- **Problem to solve**: Working line by line, output the entries below exactly as they appear.

- **Records for the task**:
>>>>
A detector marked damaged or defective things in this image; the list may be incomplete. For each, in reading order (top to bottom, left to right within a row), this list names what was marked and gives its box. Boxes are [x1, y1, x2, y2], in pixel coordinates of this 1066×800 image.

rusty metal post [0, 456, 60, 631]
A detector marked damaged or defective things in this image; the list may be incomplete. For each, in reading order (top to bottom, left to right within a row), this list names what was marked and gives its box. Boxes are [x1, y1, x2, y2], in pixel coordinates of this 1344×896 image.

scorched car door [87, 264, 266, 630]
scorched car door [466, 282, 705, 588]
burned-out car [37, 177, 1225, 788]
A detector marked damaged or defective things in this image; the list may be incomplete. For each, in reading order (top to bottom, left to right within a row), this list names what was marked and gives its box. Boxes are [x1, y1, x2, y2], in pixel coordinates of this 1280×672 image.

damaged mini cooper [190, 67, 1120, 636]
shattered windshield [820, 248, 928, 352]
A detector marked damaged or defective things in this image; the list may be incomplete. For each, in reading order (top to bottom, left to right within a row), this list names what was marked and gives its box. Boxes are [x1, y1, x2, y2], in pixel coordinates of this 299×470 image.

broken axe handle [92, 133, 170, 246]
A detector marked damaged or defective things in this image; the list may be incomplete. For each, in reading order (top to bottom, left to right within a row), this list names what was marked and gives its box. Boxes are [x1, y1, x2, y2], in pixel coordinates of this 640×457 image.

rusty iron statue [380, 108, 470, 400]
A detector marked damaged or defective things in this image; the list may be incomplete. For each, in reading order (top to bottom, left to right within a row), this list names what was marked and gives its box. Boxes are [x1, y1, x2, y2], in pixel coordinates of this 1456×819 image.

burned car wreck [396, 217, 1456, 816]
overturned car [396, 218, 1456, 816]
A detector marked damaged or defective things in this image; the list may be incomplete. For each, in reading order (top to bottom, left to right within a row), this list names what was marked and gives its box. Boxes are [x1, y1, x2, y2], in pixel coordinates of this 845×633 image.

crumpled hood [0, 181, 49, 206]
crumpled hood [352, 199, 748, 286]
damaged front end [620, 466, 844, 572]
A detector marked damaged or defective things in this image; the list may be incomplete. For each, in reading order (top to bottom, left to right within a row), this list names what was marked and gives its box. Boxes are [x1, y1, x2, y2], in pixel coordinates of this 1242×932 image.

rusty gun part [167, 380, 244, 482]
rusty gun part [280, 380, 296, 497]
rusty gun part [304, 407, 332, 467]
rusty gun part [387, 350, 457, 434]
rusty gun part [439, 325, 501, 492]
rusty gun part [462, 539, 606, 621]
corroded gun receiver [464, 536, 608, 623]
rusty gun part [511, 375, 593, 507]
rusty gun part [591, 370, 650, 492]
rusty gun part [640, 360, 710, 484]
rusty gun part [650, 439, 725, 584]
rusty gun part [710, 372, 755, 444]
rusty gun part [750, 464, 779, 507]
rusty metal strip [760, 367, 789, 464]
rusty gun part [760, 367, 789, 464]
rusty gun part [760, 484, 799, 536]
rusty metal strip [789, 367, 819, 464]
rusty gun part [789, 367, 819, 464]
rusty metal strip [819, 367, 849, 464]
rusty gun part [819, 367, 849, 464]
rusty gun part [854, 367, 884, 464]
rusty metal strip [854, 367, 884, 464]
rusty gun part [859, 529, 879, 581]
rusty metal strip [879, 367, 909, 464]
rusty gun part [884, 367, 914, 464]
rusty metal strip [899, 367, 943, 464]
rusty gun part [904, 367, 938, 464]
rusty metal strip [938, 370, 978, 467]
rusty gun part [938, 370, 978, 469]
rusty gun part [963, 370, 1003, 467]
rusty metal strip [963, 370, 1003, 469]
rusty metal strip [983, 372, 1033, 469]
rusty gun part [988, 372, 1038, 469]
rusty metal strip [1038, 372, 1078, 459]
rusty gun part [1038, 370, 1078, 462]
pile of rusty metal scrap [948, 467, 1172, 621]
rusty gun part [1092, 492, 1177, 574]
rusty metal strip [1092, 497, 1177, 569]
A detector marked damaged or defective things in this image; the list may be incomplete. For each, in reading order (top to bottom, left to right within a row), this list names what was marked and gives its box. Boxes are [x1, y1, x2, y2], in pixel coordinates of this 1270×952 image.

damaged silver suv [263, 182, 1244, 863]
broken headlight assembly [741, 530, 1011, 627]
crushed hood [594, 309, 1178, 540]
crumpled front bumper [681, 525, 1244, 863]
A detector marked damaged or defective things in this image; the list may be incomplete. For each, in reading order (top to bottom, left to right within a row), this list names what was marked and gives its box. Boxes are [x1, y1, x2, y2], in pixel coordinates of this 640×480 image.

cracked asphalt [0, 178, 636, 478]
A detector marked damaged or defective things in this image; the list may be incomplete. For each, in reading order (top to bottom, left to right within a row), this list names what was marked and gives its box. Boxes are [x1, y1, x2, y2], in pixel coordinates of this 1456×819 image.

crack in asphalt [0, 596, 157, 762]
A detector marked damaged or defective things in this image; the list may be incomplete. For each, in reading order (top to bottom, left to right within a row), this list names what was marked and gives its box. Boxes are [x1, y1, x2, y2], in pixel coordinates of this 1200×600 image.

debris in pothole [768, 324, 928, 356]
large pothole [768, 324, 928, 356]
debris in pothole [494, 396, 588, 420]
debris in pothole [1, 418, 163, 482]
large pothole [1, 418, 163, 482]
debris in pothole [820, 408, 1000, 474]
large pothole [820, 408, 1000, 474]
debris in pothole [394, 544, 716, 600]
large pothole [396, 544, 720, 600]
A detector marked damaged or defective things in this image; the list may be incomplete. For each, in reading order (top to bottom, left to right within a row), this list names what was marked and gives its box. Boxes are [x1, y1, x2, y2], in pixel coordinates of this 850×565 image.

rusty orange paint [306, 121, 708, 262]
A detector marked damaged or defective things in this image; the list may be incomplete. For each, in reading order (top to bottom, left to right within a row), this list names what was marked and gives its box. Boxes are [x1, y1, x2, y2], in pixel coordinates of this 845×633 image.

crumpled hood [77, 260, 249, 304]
<<<<
- **Your response**:
A detector marked damaged or defective things in this image; the list may be incomplete. For each, in reading order (top to bottom, left to right within a row), this list names what was marked and gives its box. Boxes are [x1, y1, x2, y2], in pixel coordinates of this 1066×800 image.

rusty metal post [0, 456, 60, 631]
A detector marked damaged or defective things in this image; the list may be incomplete. For each, in reading order (top to bottom, left to right within a row), this list names what was marked and gives its box. Boxes are [x1, y1, x2, y2], in pixel coordinates of this 1344×896 image.

scorched car door [87, 264, 266, 630]
scorched car door [466, 282, 705, 588]
burned-out car [37, 177, 1225, 788]
A detector marked damaged or defective things in this image; the list may be incomplete. For each, in reading order (top to bottom, left to right within a row), this list names what was marked and gives its box. Boxes are [x1, y1, x2, y2], in pixel coordinates of this 1280×672 image.

damaged mini cooper [190, 67, 1120, 636]
shattered windshield [820, 248, 928, 352]
A detector marked damaged or defective things in this image; the list may be incomplete. For each, in reading order (top to bottom, left to right within a row), this list names what was marked and gives its box. Boxes are [x1, y1, x2, y2], in pixel coordinates of this 299×470 image.

broken axe handle [92, 133, 170, 246]
A detector marked damaged or defective things in this image; the list may be incomplete. For each, in reading order (top to bottom, left to right within a row), this list names what was marked and gives its box. Boxes are [x1, y1, x2, y2], in pixel coordinates of this 640×457 image.

rusty iron statue [380, 108, 470, 400]
A detector marked damaged or defective things in this image; the list may be incomplete. For each, in reading order (top to bottom, left to right within a row), this list names what was marked and gives its box. Boxes are [x1, y1, x2, y2], in pixel coordinates of this 1456×819 image.

burned car wreck [396, 217, 1456, 816]
overturned car [396, 218, 1456, 816]
A detector marked damaged or defective things in this image; the list may be incomplete. For each, in reading order (top to bottom, left to right within a row), this list names what was marked and gives its box. Boxes are [x1, y1, x2, y2], in pixel coordinates of this 845×633 image.

crumpled hood [0, 181, 49, 206]
crumpled hood [352, 199, 748, 286]
damaged front end [620, 466, 844, 572]
A detector marked damaged or defective things in this image; the list may be incomplete. For each, in reading order (top to bottom, left to right within a row), this list names what was marked and gives its box. Boxes are [x1, y1, x2, y2], in pixel coordinates of this 1242×932 image.

rusty gun part [167, 380, 244, 482]
rusty gun part [280, 380, 296, 497]
rusty gun part [304, 407, 332, 467]
rusty gun part [387, 350, 457, 434]
rusty gun part [439, 325, 501, 492]
rusty gun part [462, 539, 606, 621]
corroded gun receiver [464, 536, 608, 623]
rusty gun part [511, 375, 593, 507]
rusty gun part [591, 370, 650, 492]
rusty gun part [640, 360, 710, 484]
rusty gun part [650, 439, 725, 584]
rusty gun part [710, 372, 755, 444]
rusty gun part [750, 464, 779, 507]
rusty metal strip [760, 367, 789, 464]
rusty gun part [760, 367, 789, 464]
rusty gun part [760, 484, 799, 536]
rusty metal strip [789, 367, 819, 464]
rusty gun part [789, 367, 819, 464]
rusty metal strip [819, 367, 849, 464]
rusty gun part [819, 367, 849, 464]
rusty gun part [854, 367, 884, 464]
rusty metal strip [854, 367, 884, 464]
rusty gun part [859, 529, 879, 581]
rusty metal strip [879, 367, 909, 464]
rusty gun part [884, 367, 914, 464]
rusty metal strip [899, 367, 943, 464]
rusty gun part [904, 367, 938, 464]
rusty metal strip [938, 370, 978, 467]
rusty gun part [938, 370, 978, 469]
rusty gun part [963, 370, 1003, 467]
rusty metal strip [963, 370, 1003, 469]
rusty metal strip [983, 372, 1033, 469]
rusty gun part [988, 372, 1038, 469]
rusty metal strip [1038, 372, 1078, 459]
rusty gun part [1038, 370, 1078, 462]
pile of rusty metal scrap [948, 467, 1172, 621]
rusty gun part [1092, 492, 1177, 574]
rusty metal strip [1092, 497, 1177, 569]
A detector marked damaged or defective things in this image; the list may be incomplete. For each, in reading order (top to bottom, left to right within a row), this list names what was marked and gives its box. Boxes are [x1, y1, x2, y2], in pixel coordinates of this 1270×952 image.

damaged silver suv [263, 182, 1244, 863]
broken headlight assembly [741, 530, 1011, 627]
crushed hood [594, 309, 1178, 540]
crumpled front bumper [681, 525, 1244, 863]
A detector marked damaged or defective things in this image; the list may be incomplete. For each, in reading order (top to bottom, left to right within a row), this list names what was marked and gives its box. Boxes are [x1, y1, x2, y2], in pixel coordinates of this 640×480 image.

cracked asphalt [0, 178, 636, 478]
A detector marked damaged or defective things in this image; the list may be incomplete. For each, in reading order (top to bottom, left to right within a row), this list names what was marked and gives its box. Boxes are [x1, y1, x2, y2], in pixel coordinates of this 1456×819 image.

crack in asphalt [0, 596, 157, 762]
A detector marked damaged or defective things in this image; the list may be incomplete. For each, in reading order (top to bottom, left to right within a row), this list names what was marked and gives its box. Boxes are [x1, y1, x2, y2], in pixel coordinates of this 1200×600 image.

debris in pothole [768, 324, 928, 356]
large pothole [768, 324, 928, 356]
debris in pothole [494, 396, 588, 420]
debris in pothole [1, 418, 163, 482]
large pothole [1, 418, 163, 482]
debris in pothole [820, 408, 1000, 474]
large pothole [820, 408, 1000, 474]
debris in pothole [394, 544, 716, 600]
large pothole [396, 544, 720, 600]
A detector marked damaged or defective things in this image; the list may be incomplete. For each, in reading order (top to bottom, left to right within a row), this list names what was marked and gives its box. Boxes are [x1, y1, x2, y2], in pixel coordinates of this 850×565 image.

rusty orange paint [306, 121, 708, 262]
A detector marked damaged or defective things in this image; the list may be incomplete. For each, in reading order (top to bottom, left to right within a row), this list names what was marked and gives its box. Boxes are [x1, y1, x2, y2], in pixel coordinates of this 845×633 image.

crumpled hood [77, 260, 249, 304]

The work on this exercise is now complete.